TKTK
The SPD is becoming less lily-white. SPD

Under the leadership of chief Kathleen O'Toole, the Seattle Police Department is steadily increasing the diversity of its approximately 1,200-member force by hiring more minority officers. In 2016, the proportion of nonwhite officers joining the SPD has jumped to 35 percent, up ten points over two years, according to a recent department report.

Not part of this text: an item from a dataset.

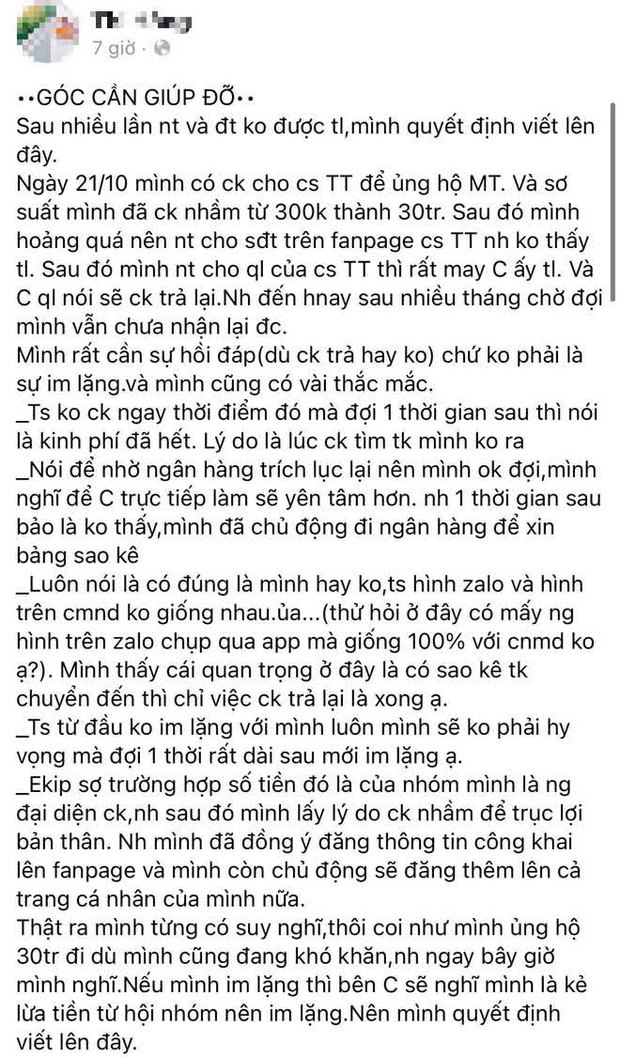 Thủy Tiên bị tố vẫn chưa trả 30 triệu cho người chuyển khoản nhầm ủng hộ miền Trung 3 Thủy Tiên bị tố vẫn chưa trả 30 triệu cho người chuyển khoản nhầm ủng hộ miền Trung 3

O'Toole has made it a priority to create a police force that reflects Seattle. "We need to have police services that [represent] the communities that they serve," she said when she took the job.

Mayor Ed Murray has pledged to hire 200 more officers by 2019. Here's a chart showing the progress on hiring over three years. (Click to enlarge.)

Screen_Shot_2016-11-28_at_11.53.22_AM.png
SPD

The SPD is already doing a better job of mirroring the racial demographics in Seattle than departments in other large cities, according to a survey and study by the Community Police Commission, though the force is still nine percentage points whiter than the city's population.

The police force should strive for diversity because it "conveys a sense of equity to the public" and increases the likelihood that officers will understand the perspectives of minorities, the commissioners said, urging a more intensive push for minority recruitment.

The department was 74 percent white in 2015. Many of its officers live outside Seattle. "There aren’t enough people 'like us' on SPD," the CPC report quoted one person as saying. "We want to see officers in our community who share our physical traits and cultural values."

Beyond ethnicity, the SPD has long been criticized for not changing its "preference points" system to incentivize the hiring of more multilingual applicants or Peace Corps members, the way it does for military veterans.